Bursts of flaming reds and oranges and yellows decorate the trees outside on this brisk autumn day. Sunny, but windy enough to require a jacket, this is my ideal of perfect weather. This brings a smile to my face, a face that has not smiled enough in recent weeks. Since the week before Halloween I have written and discarded several daylogs. Plenty of sleepless nights and false starts later, I feel comfortable writing down my worry. A few Fridays ago I noticed a hard bump in my right armpit. At first the doctor thought it was an infected abscess, but a week of antibiotics resulted in no change. A return to the doctor's landed me on a table getting an ultrasound, and several days of anxious waiting. Now I'm on a different, much stronger and warning-filled antibiotic. Because cancer is prevalent in my family, (my mother developed cancer in her 30s and died when she was 43, I am now 35), these last few weeks have been terrifying. I'm actually a bit relieved to be on the horse pills. It gives me hope that this will turn out to be not very serious as all. But there were a few sleepless nights last week where that did not seem as likely.

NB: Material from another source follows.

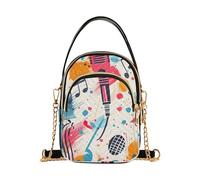 Mnsruu Sac à bandoulière pour femme sur le thème musical aquarelle - Petit sac à bandoulière avec sangle réglable
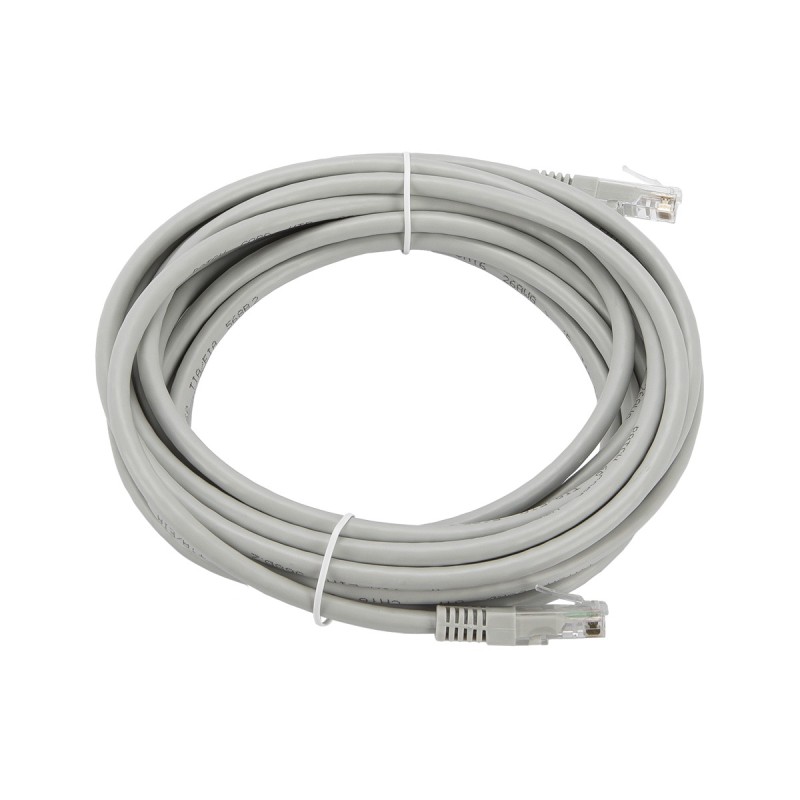 Cavo dati patch 5m RJ45 Cat. 5e UTP grigio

The question of the mysterious lump in my underarm would normally be enough to put me in a funk, but these past few weeks have also been a period of extreme physical pain in my arms. Those who have known me here for a long time know that the situation with my arms improves and worsens based on my activity at work as well as requirements at home. And work has gotten busy, and for a variety of reasons I have been unable to use my voice recognition to the extent I need to while there. I have taken steps to ameliorate this situation, but it has not helped my frame of mind. I watch the Iron Noder progress with envy. There is so much I would like to write about but I'm trying to limit my exposure to the computer, and the last thing I need for my arms is to be on here several hours per night trying to put something together with wonky voice recognition. It is what it is.

One thing I do intend to write about is a challenge I've currently posted on my home node. I've cropped a small portion of a painting you have never seen in a gallery and posted it as my picture. My request is that anyone so inclined, send me a message of 30 words or less with their impression of the image. This is open ended. If you recognize the image, say so, but please do not share it with others yet. I'm going to try to work the responses into a short write up.

I'm experiencing one of those contemplative moments in life, which I suppose concerns of imminent mortality bring about, but I'm questioning a lot. How hard should I be pushing my preternaturally sharp five-year-old? How do I balance pushing her towards her potential versus letting her enjoy a carefree childhood, and where is the happy medium? How much should I devote to the repairing of broken friendships versus strengthening much newer but seemingly healthier ones?

How do I push to be better? I've reached the age where there are very few authority figures over me. How do I define what I'm working to and how will I judge when I have reached it? Life is short, how much more pain am I willing to tolerate versus completely withdrawing myself from everything but my wife and daughter?

It is what it is. I hate it when I get like this. But that thought brings to mind a quote from an episode of The Tick I recently saw:

The Tick: Life is your chance, Arthur! Grab it! Squeeze the milk of life into your dirty glass and drink it warm.

Which makes me smile again, and as I look that up for accuracy I come across a second quote that makes me chuckle outright:

Captain Liberty: I'm working on having him deported.
Batmanuel: She fears the demons I have awoken in her... womanly places.

That's better, that's much more my style. In fact, I feel positively upbeat now. I think I will go awaken some demons myself.